Ultrafast Carrier Relaxation and Second Harmonic Generation in a Higher‐Fold Weyl Fermionic System PtAl

In topological materials, shielding of bulk and surface states by crystalline symmetries has provided hitherto unknown access to electronic states in condensed matter physics. Interestingly, photoexcited carriers relax on an ultrafast timescales, demonstrating large transient mobility that can be harnessed for the development of ultrafast optoelectronic devices. In addition, these devices are much more effective than topologically trivial systems because topological states are resilient to the corresponding symmetry‐invariant perturbations. By using optical pump probe measurements, the relaxation dynamics of a topologically nontrivial chiral single crystal, PtAl, is systematically described. Based on the experimental data on transient reflectivity and electronic structures, it is found that the carrier relaxation process involves both acoustic and optical phonons with oscillation frequencies of 0.06 and 2.94 THz, respectively, in picosecond time scale.

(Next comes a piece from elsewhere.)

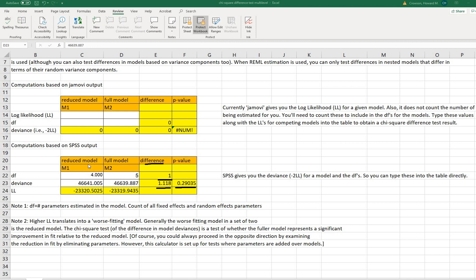Generally speaking, the reduced model is going to fit worse than the full model since the full model estimates more parameters and is more complex. When you add additional predictors, the full model should represent an improvement in fit. If the p-value is not significant, the addition of new parameter estimates is not resulting in a significant improvement in fit. If it is significant, the additional parameters are resulting in a significant improvement in fit.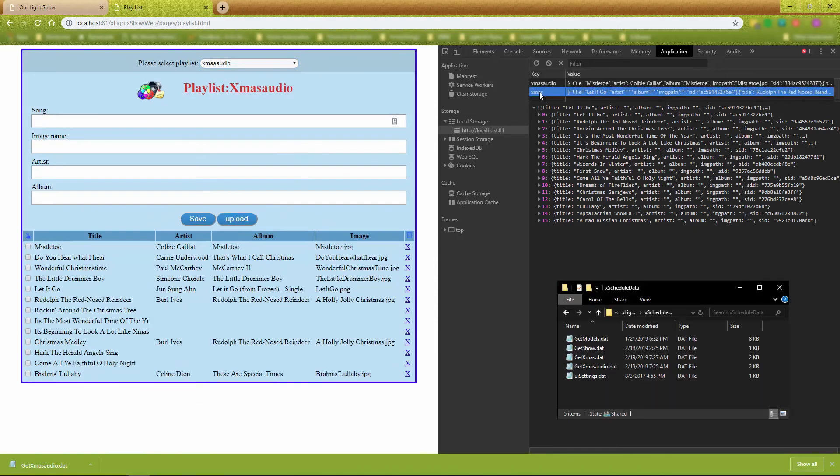Now if we look in the X schedule data subfolder, we'll see that our new data file was created for the new playlist.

PtAl with a space group of P213 allows only one non‐zero susceptibility element, i.e., d14, in second harmonic generation (SHG) with a large value of 468(1) pm V–1, which is significantly higher than that observed in standard GaAs(111) and ZnTe(110) crystals. The intensity dependence of the SHG signal in PtAl reveals a non‐perturbative origin. The present study on PtAl provides deeper insight into topological states that will be useful for ultrafast optoelectronic devices. Topological phases with symmetry and chirality offer novel insights into electronic states leading to exotic emergent phenomena. For instance, PtAl gives rise to spin‐3/2 Rarita–Schwinger (RS) fermions at (Γ) and a time‐reversal pair of spin‐1 fermions at (R) of the Brillouin zone (BZ). Through nonlinear optical analysis, the existence of chirality in PtAl is confirmed and its quasiparticle relaxation mechanism is established.